Stored dataset items:
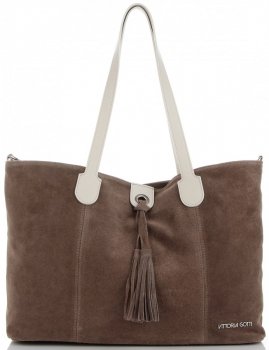 GEANȚĂ DIN PIELE shopper bag Vittoria Gotti maro pământiu V3076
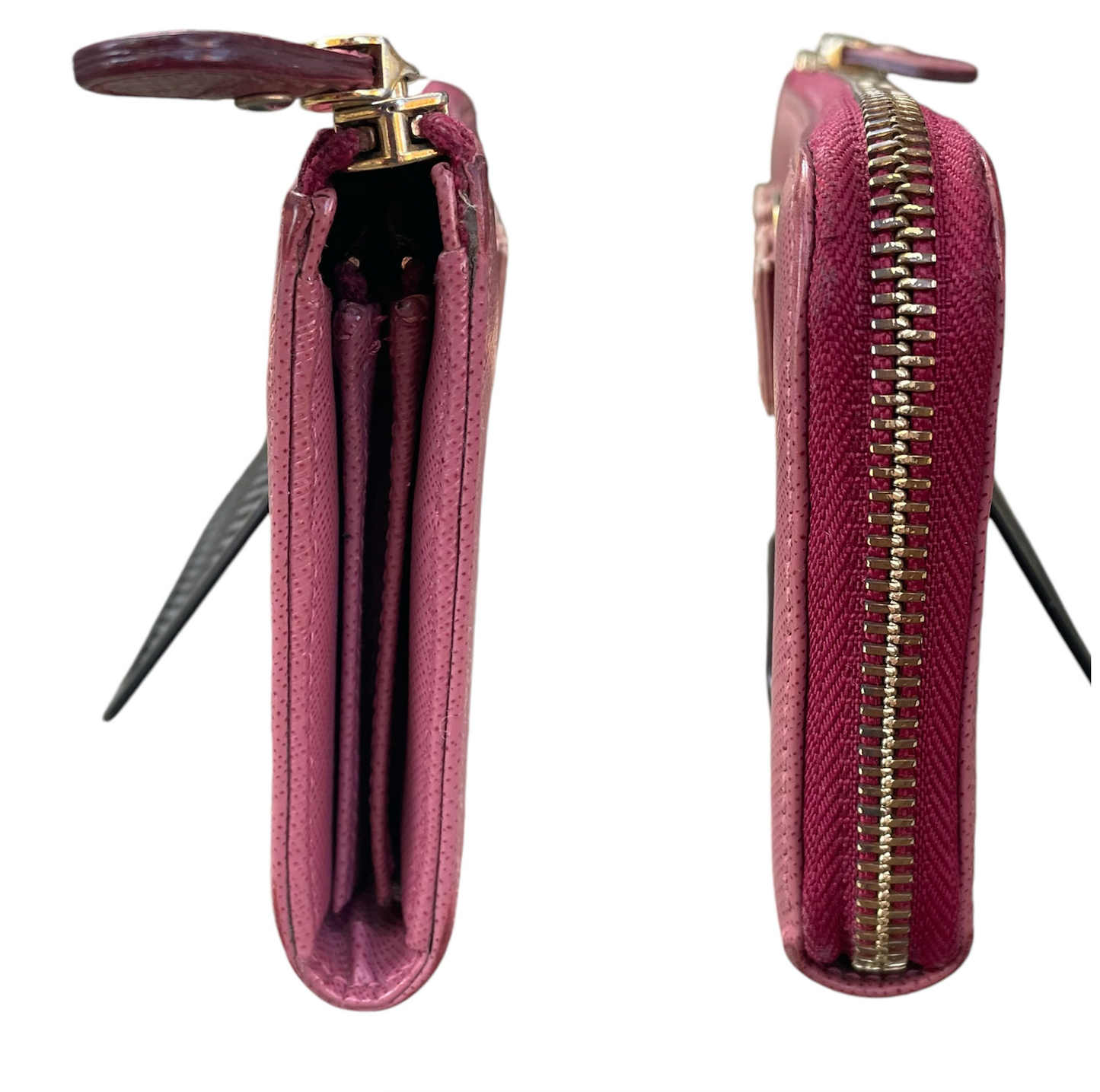Salvatore Ferragamo Saffiano Purple Vara Ribbon Bow Zip Around Long Wallet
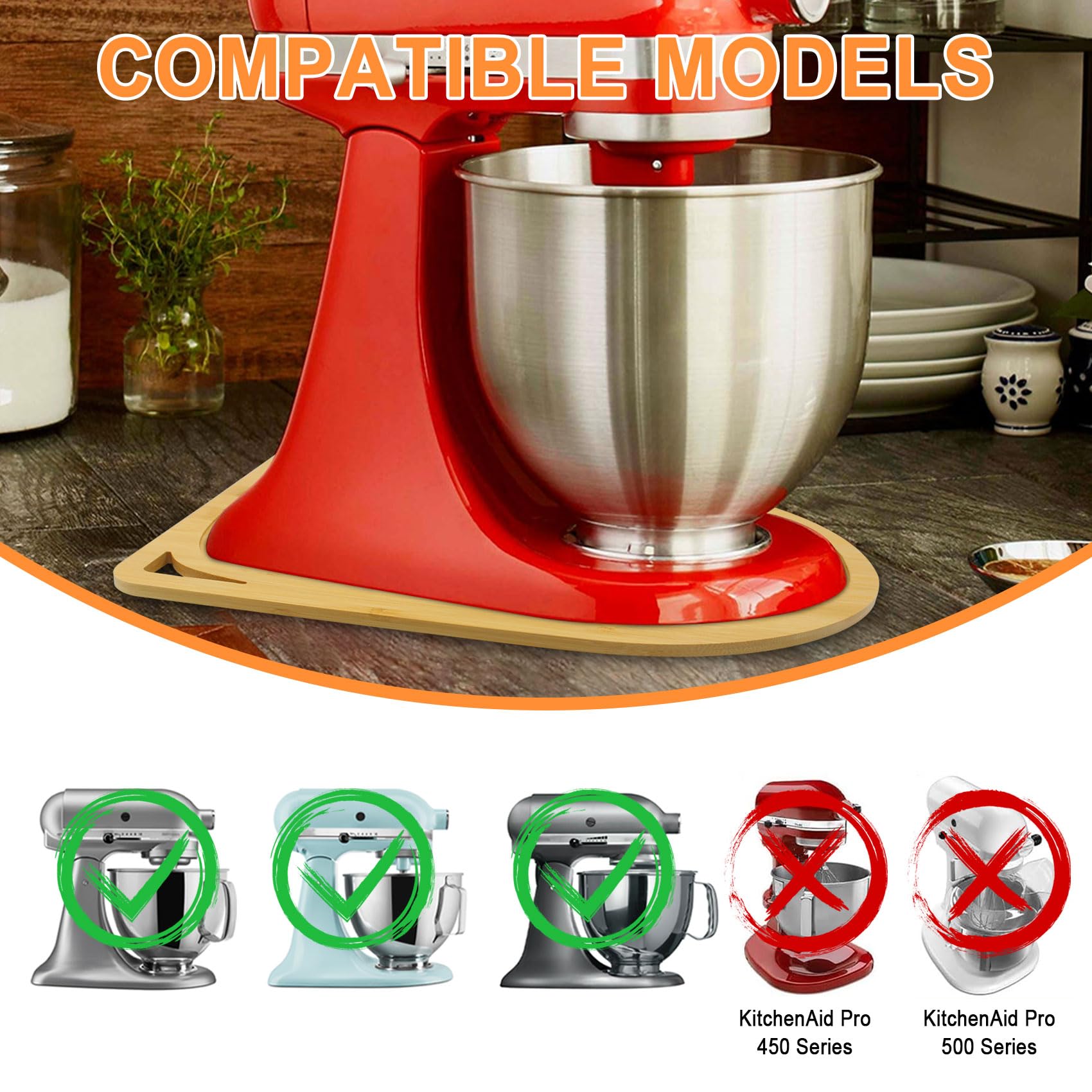 Bamboo Mixer Mat Slider Compatible With Tilt Head Kitchen Aid 4.5 5 Qt Stand Mixer   Kitchen Countertop Storage Mover Sliding Ca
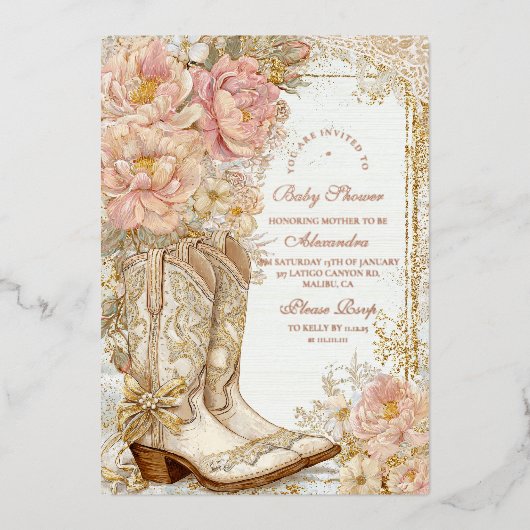 Westerne Cowgirl Boots Floral Baby shower Folie Uitnodiging (Voorkant)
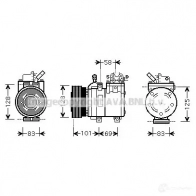 Компрессор кондиционера PRASCO NA S5F hyk166 Hyundai Matrix (FC) 1 Минивэн 1.5 CRDi 82 л.с. 2001 – 2010 4045385074273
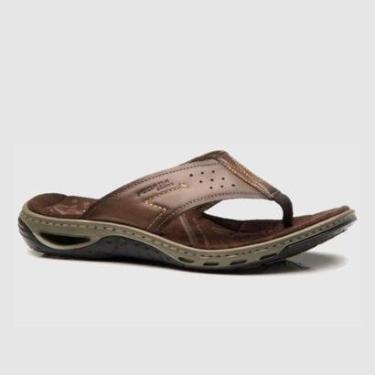 Imagem de Chinelo Pegada Masculino em Couro Pinhão 131663-02-Masculino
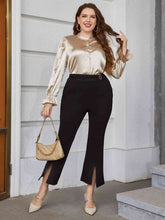 Plus Size Flounce Sleeve Band Collar Shirt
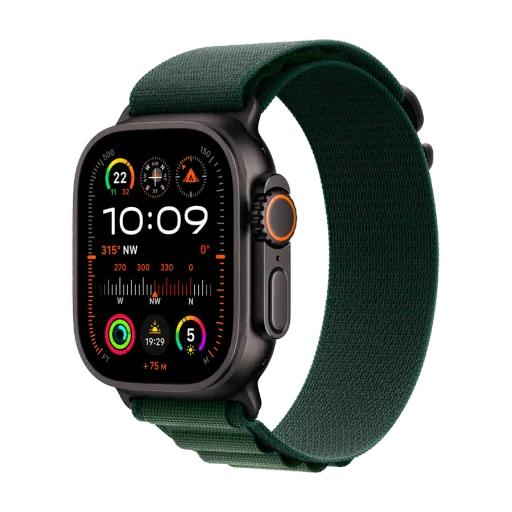 Apple Watch Ultra 2 2024,  Dark Green Alpine Loop, M, 49mm, Black Titanium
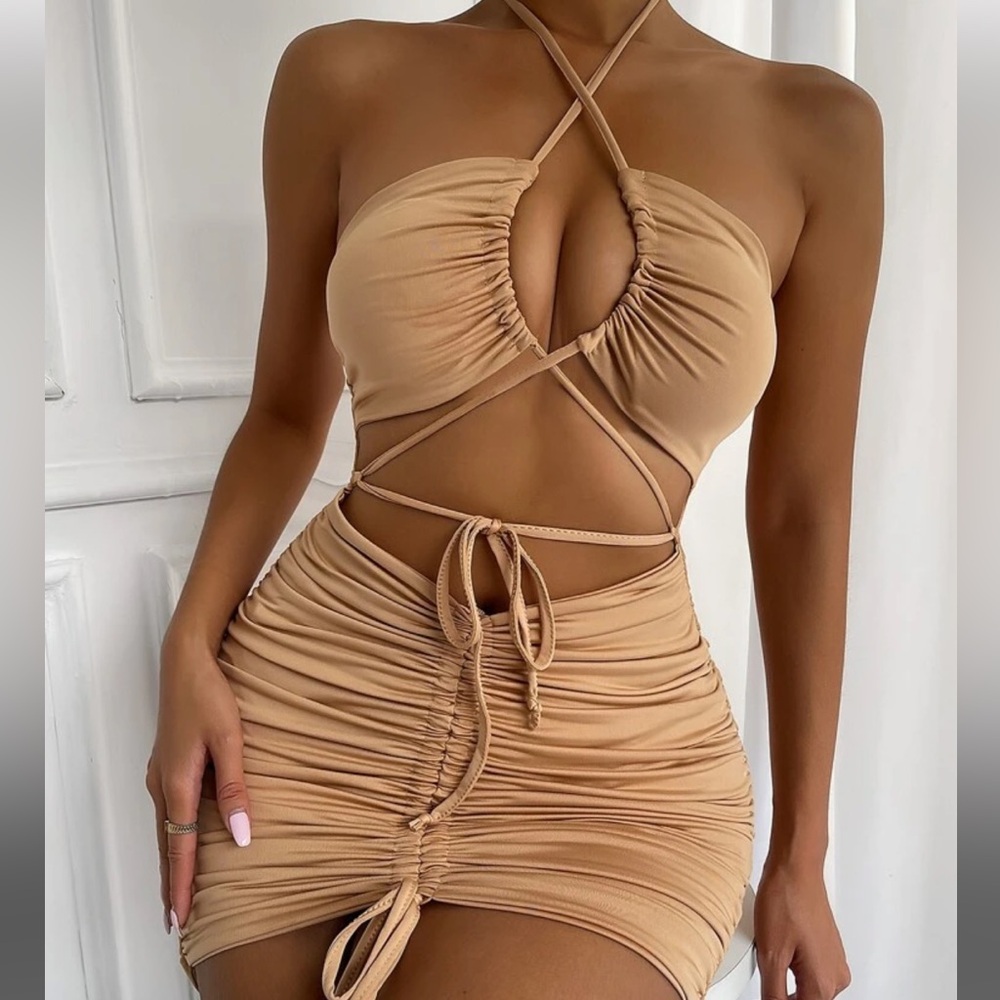 Shein Cut Out Nude Dress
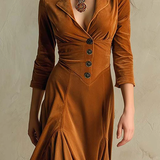 Velvet Maxi Dress with Collared V-Neck and Flared Skirt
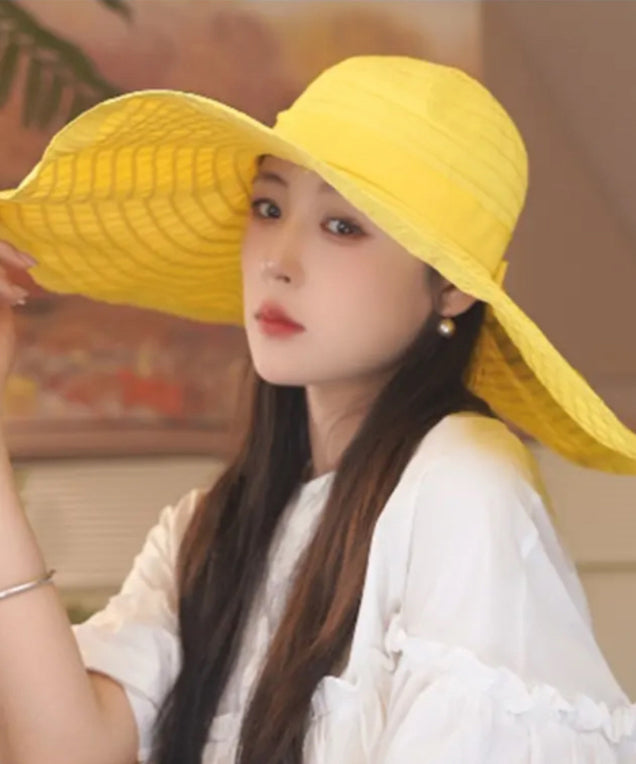 Summer Breathable Sun Beige Large Hat Brim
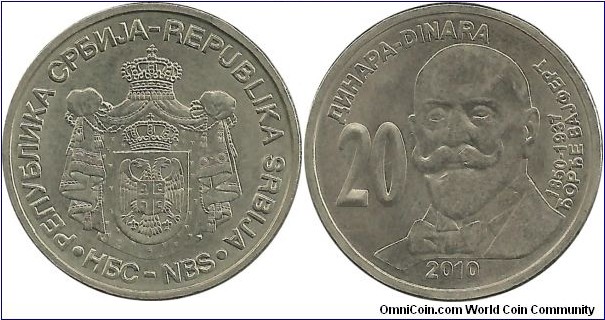 Serbia 20 Dinara 2010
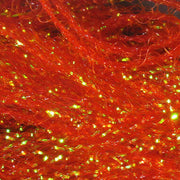 Hareline Diamond Braid, red-orange flat braid with gold sparkle threads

▶ [REQUIRED WORK]
The answer must be the exact lines from the line with "Apple Watch Ultra" to the final line of the data, both ends included, with no pictures.

▶ [EXERCISE OUTPUT]
 Apple Watch Ultra 2 2024,  Dark Green Alpine Loop, M, 49mm, Black Titanium
 Shein Cut Out Nude Dress
 Velvet Maxi Dress with Collared V-Neck and Flared Skirt
 Summer Breathable Sun Beige Large Hat Brim
 Serbia 20 Dinara 2010
 Hareline Diamond Braid, red-orange flat braid with gold sparkle threads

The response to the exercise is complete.